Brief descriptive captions
##########
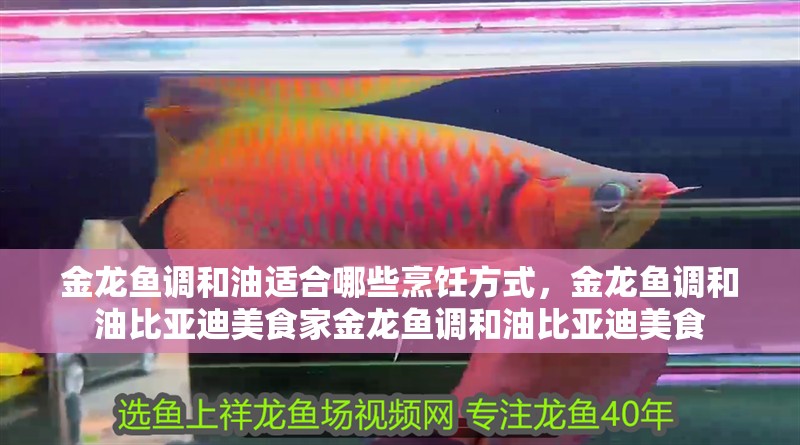 金龍魚調和油適合哪些烹飪方式，金龍魚調和油比亞迪美食家金龍魚調和油比亞迪美食
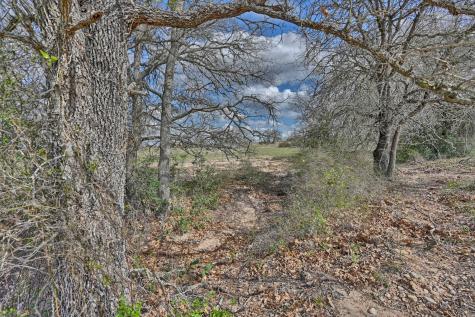 Tbd Fm 2440 Giddings TX 78942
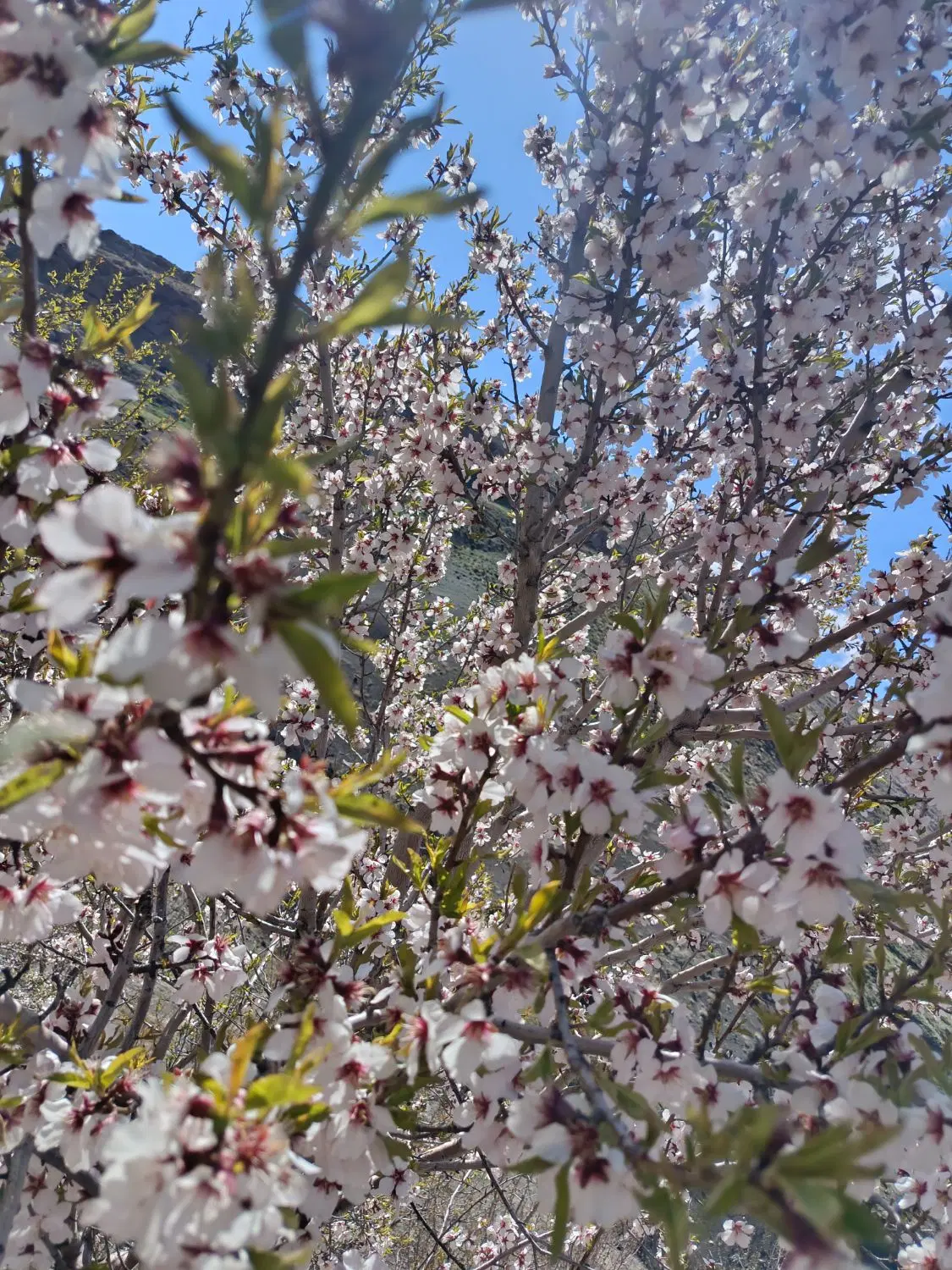 زمین کشاورزی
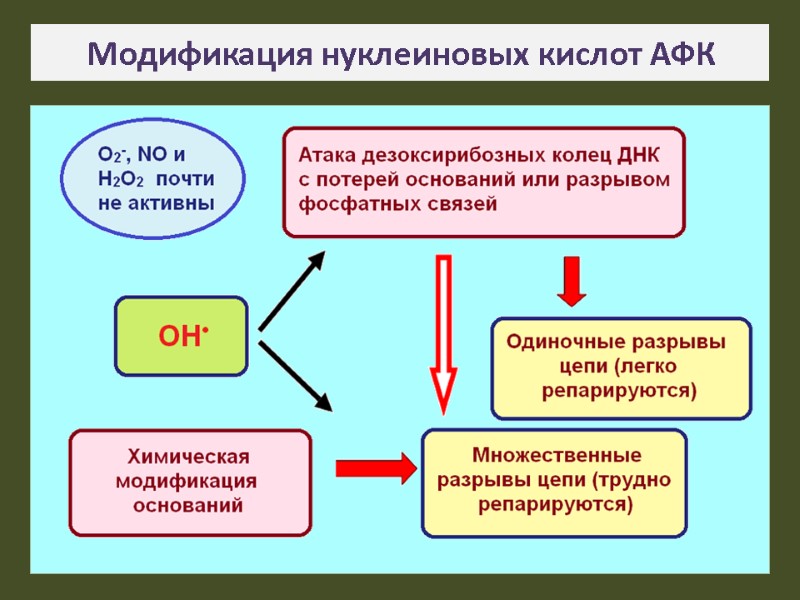 Модификация нуклеиновых кислот АФК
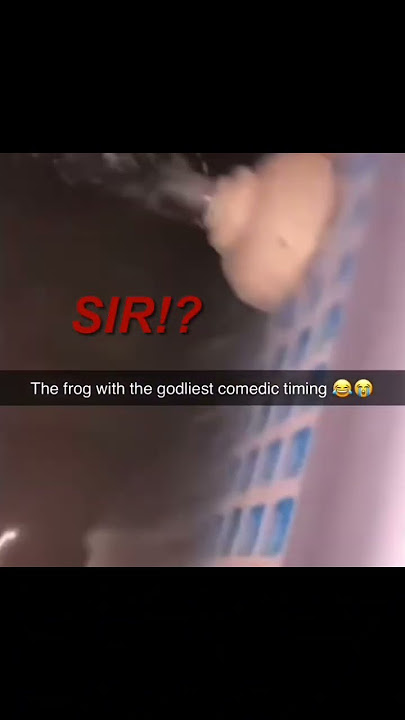 Pool Frog! #fyp #funny #shorts #funnyshorts #reels #memes #memesdaily #meme #frog #animals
##########
YOUR GOAL
Write out again, exactly, each line from the one containing "Tbd Fm 2440 Giddings TX 78942" through the last line of the entries, and omit every picture.

RESULT BELOW
 Tbd Fm 2440 Giddings TX 78942
 زمین کشاورزی
 Модификация нуклеиновых кислот АФК
 Pool Frog! #fyp #funny #shorts #funnyshorts #reels #memes #memesdaily #meme #frog #animals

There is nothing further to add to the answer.